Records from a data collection

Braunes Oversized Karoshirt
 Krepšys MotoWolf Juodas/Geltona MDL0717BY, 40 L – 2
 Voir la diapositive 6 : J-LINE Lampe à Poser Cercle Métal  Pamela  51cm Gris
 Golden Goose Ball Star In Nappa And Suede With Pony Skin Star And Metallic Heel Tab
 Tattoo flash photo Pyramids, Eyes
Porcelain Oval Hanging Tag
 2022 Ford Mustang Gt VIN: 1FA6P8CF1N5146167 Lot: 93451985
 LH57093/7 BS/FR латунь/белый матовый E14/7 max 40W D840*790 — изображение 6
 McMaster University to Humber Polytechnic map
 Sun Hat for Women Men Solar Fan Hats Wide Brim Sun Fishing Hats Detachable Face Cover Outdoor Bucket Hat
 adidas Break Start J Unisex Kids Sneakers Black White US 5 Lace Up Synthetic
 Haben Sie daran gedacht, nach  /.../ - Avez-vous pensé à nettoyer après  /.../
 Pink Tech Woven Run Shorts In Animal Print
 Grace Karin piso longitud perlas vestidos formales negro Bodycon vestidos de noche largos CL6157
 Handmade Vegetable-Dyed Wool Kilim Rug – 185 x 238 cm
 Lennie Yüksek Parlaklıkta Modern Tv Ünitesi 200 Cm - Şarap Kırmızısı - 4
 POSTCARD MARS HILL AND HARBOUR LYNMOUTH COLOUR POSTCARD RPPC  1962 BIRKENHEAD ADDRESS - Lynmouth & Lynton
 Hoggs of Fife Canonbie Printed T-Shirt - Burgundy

▸ Task item: Go through the records above and copy each one exactly.

▸ Answer section:
Braunes Oversized Karoshirt
 Krepšys MotoWolf Juodas/Geltona MDL0717BY, 40 L – 2
 Voir la diapositive 6 : J-LINE Lampe à Poser Cercle Métal  Pamela  51cm Gris
 Golden Goose Ball Star In Nappa And Suede With Pony Skin Star And Metallic Heel Tab
 Tattoo flash photo Pyramids, Eyes
Porcelain Oval Hanging Tag
 2022 Ford Mustang Gt VIN: 1FA6P8CF1N5146167 Lot: 93451985
 LH57093/7 BS/FR латунь/белый матовый E14/7 max 40W D840*790 — изображение 6
 McMaster University to Humber Polytechnic map
 Sun Hat for Women Men Solar Fan Hats Wide Brim Sun Fishing Hats Detachable Face Cover Outdoor Bucket Hat
 adidas Break Start J Unisex Kids Sneakers Black White US 5 Lace Up Synthetic
 Haben Sie daran gedacht, nach  /.../ - Avez-vous pensé à nettoyer après  /.../
 Pink Tech Woven Run Shorts In Animal Print
 Grace Karin piso longitud perlas vestidos formales negro Bodycon vestidos de noche largos CL6157
 Handmade Vegetable-Dyed Wool Kilim Rug – 185 x 238 cm
 Lennie Yüksek Parlaklıkta Modern Tv Ünitesi 200 Cm - Şarap Kırmızısı - 4
 POSTCARD MARS HILL AND HARBOUR LYNMOUTH COLOUR POSTCARD RPPC  1962 BIRKENHEAD ADDRESS - Lynmouth & Lynton
 Hoggs of Fife Canonbie Printed T-Shirt - Burgundy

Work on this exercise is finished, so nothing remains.